Only the pictures are dropped; the lines of the material that follow are returned exactly.

-- DATA SEGMENT --
·····

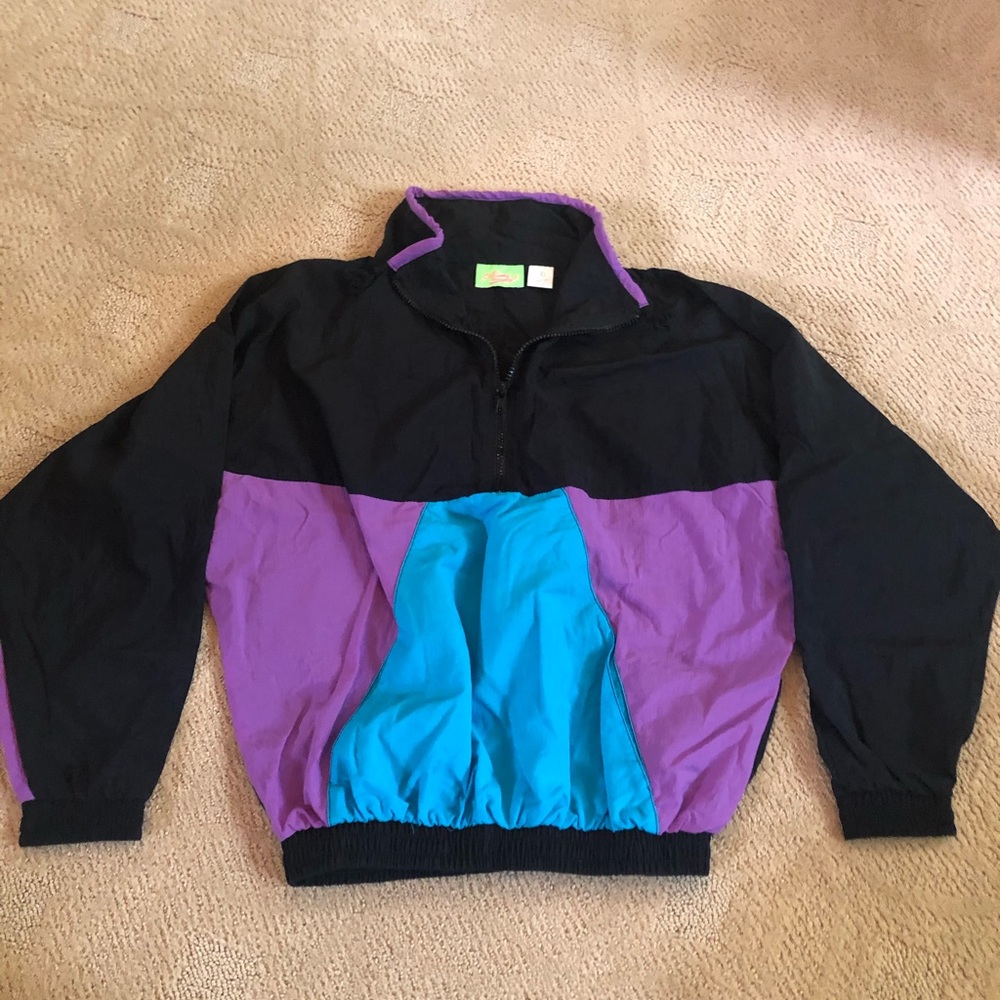 90’s Nylon Windbreaker SHELL SHOCK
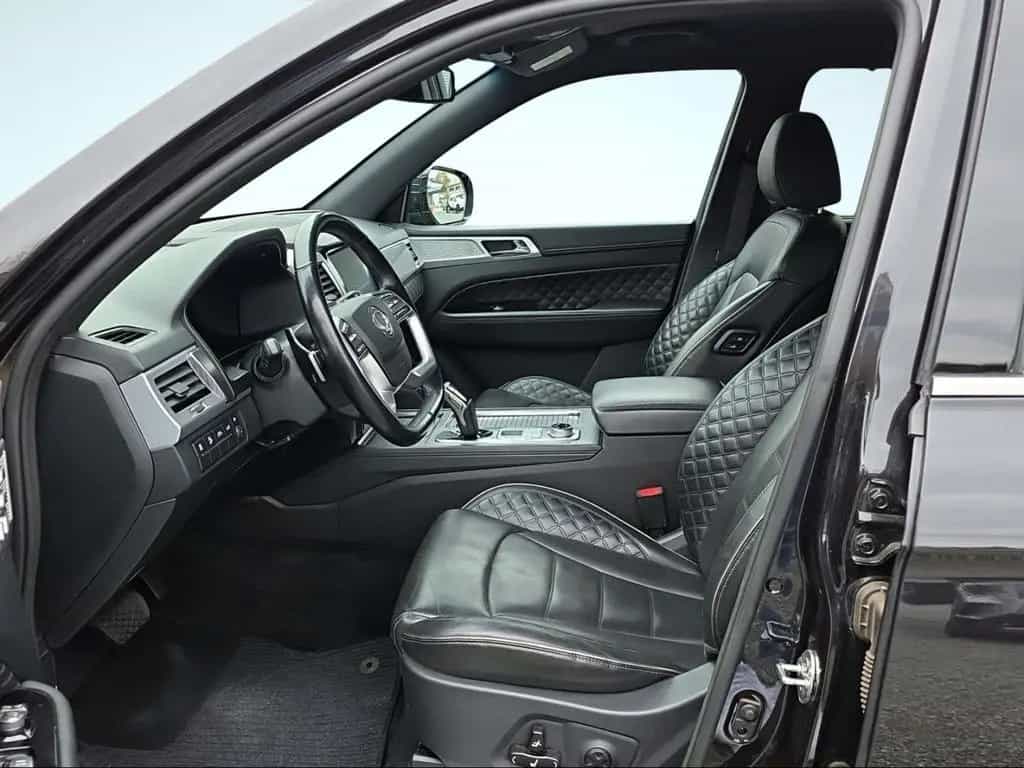 Ssangyong Rexton Sapphire 4x4 2.2 L Keyless SHZ Totwinkela 12/2023-photo-2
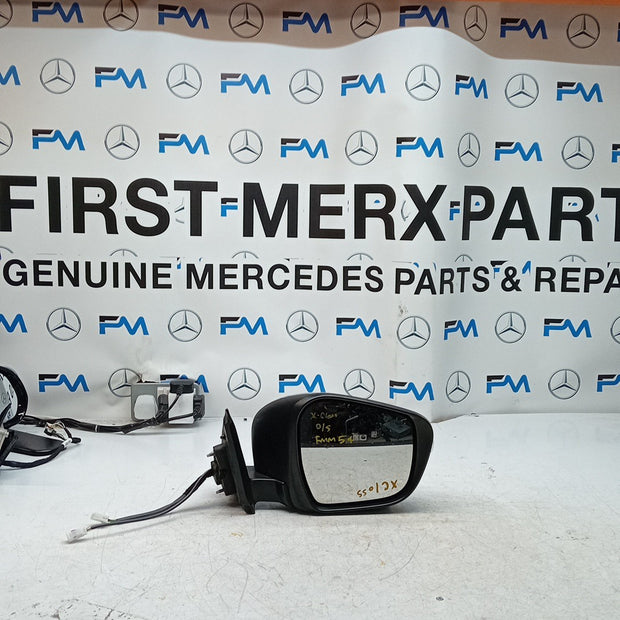 MERCEDES BENZ  X-CLASS W470 DRIVER WING MIRROR BROWN CAMERA FMM54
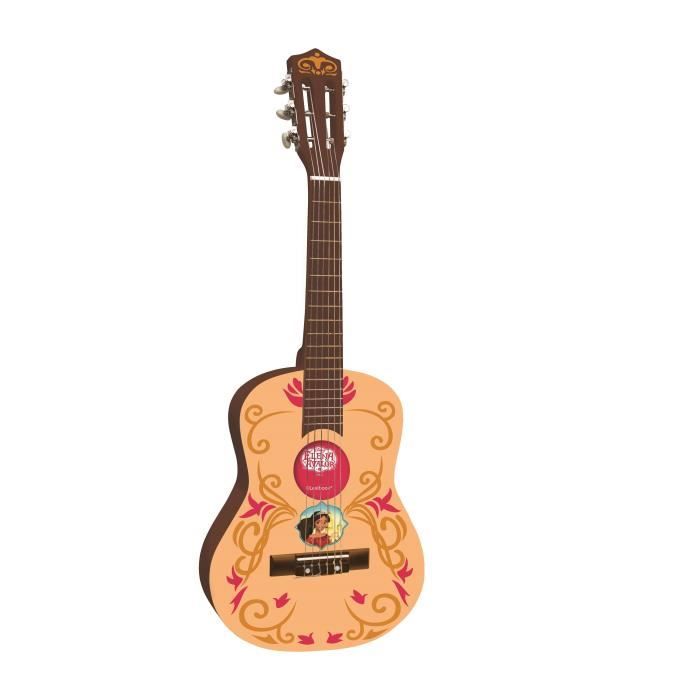 ELENA D'AVALOR Guitare acoustique 78 cm en bois LEXIBOOK - médecine et autres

·····

-- EXPECTED OUTPUT --
 90’s Nylon Windbreaker SHELL SHOCK
 Ssangyong Rexton Sapphire 4x4 2.2 L Keyless SHZ Totwinkela 12/2023-photo-2
 MERCEDES BENZ  X-CLASS W470 DRIVER WING MIRROR BROWN CAMERA FMM54
 ELENA D'AVALOR Guitare acoustique 78 cm en bois LEXIBOOK - médecine et autres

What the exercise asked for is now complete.